You’re all ready for your Jackson Hole vacation—your hotel is booked, your itinerary is set, and you’ve packed everything you need for an epic getaway. You might be certain that you’ve thought of everything, until you arrive in Wyoming and feel absolutely miserable. Is it the flu? A stomach bug? It’s likely altitude sickness, but there are some steps you can take to limit its effects so you can still enjoy your trip.
What Causes Altitude Sickness in Jackson Hole
The altitude on the valley floor in the Jackson Hole area is 6,300 feet above sea level, which most people have no trouble adapting to. That said, if you have pre-existing conditions involving your heart or lungs, you may experience altitude sickness. Where most people have trouble is in areas with higher altitudes—visiting mountains for climbing or skiing or even Yellowstone National Park, which is on a plateau that is higher than the elevation in Jackson Hole.
Altitude sickness occurs when you have trouble adjusting to the lower oxygen pressure at higher altitudes. For most people, altitude sickness develops anywhere from 6 to 24 hours after reaching a higher altitude than they’re used to and it typically subsides within 3 days.
Symptoms of Altitude Sickness
When you have altitude sickness, you might feel as if you have a hangover. You’ll experience nausea, fatigue, and headaches. Because of the lower levels of oxygen available at higher altitudes, you may also have some shortness of breath. These symptoms are worse the higher your elevation and the more you exert yourself.
If you’ve suffered altitude sickness in the past or you’ve never been to a higher altitude area and aren’t sure how your body will react, don’t plan on going to the mountains until at least a day after you’ve landed in Jackson Hole. This will give your body some time to adjust. During this time, plan on some activities in the valley, like a Snake River scenic float trip.

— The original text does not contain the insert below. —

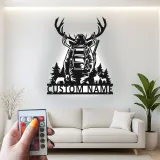 Insegna in metallo personalizzata per cacciatori con corna con luce LED regalo per appassionati di outdoor decorazione per cabin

How to Prevent and Treat Altitude Sickness
For most visitors, altitude sickness isn’t serious and doesn’t have any negative impact on their Jackson Hole vacation, but it does have the potential to be serious. Here are some precautions to take to protect yourself:
- Stay hydrated. Bring a bottle of water with you wherever you go and sip from it throughout the day.
- Don’t drink alcohol until you’ve adapted to the altitude. Alcohol can exacerbate your altitude sickness symptoms, making you feel worse.
- Allow your body to acclimate to higher elevations. Don’t climb a mountain the day you arrive in Jackson Hole. Let your body slowly adapt; avoid too much physical activity and high elevations for the first day or two of your vacation.
If you follow these steps and your altitude sickness doesn’t go away after a few days or if your symptoms are severe, don’t hesitate to see a doctor. The symptoms of altitude sickness are symptoms you can experience with a number of other health issues, so it’s a good idea to get checked out to make sure nothing more serious is going on.